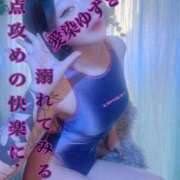 愛染ゆずき＠一騎当千のアナリスト 理性より先に、身体が答えてたね🌹 アナラードライ五反田店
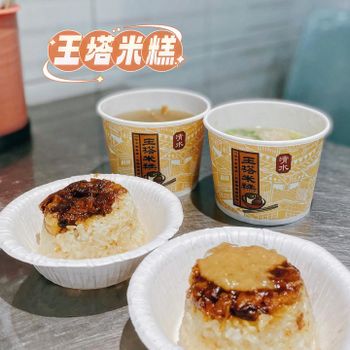 ▫️台中▫️今日吃「王塔米糕」超過一甲子的人氣米糕店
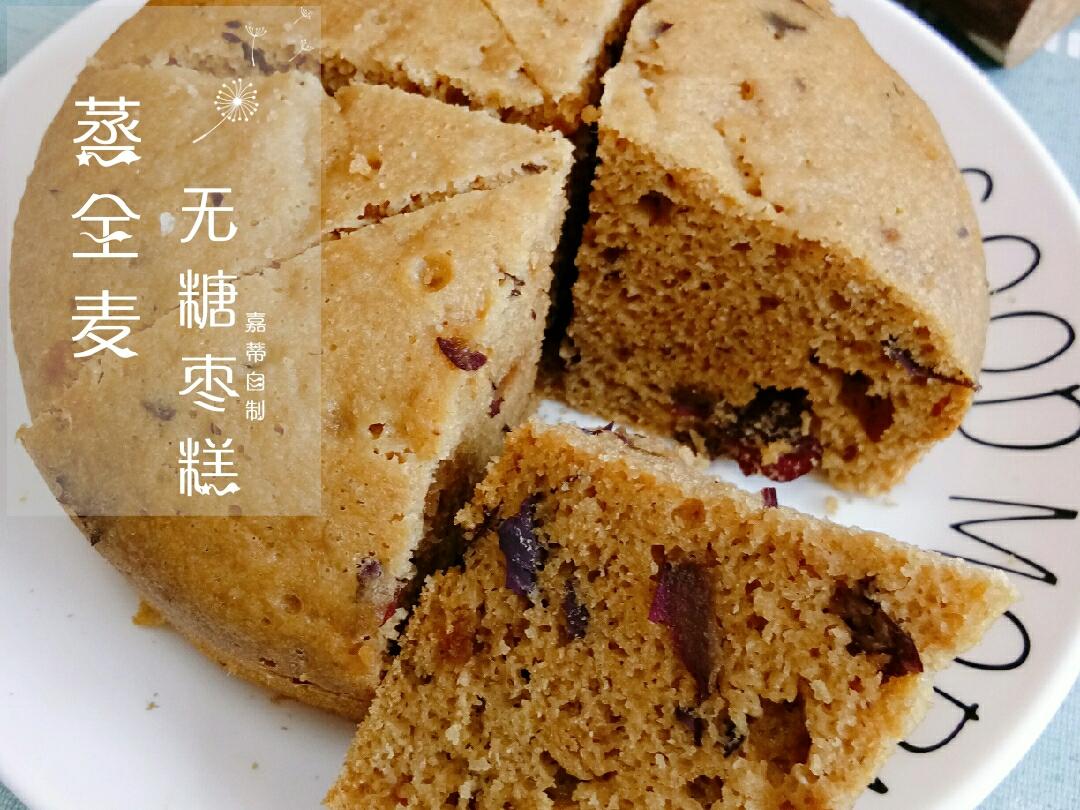 蒸全麦无糖枣糕        （减脂餐系列——甜品）的做法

## Work request
Give back the data exactly. Pictures stay out.

## Solution for this task
 愛染ゆずき＠一騎当千のアナリスト 理性より先に、身体が答えてたね🌹 アナラードライ五反田店
 ▫️台中▫️今日吃「王塔米糕」超過一甲子的人氣米糕店
 蒸全麦无糖枣糕        （减脂餐系列——甜品）的做法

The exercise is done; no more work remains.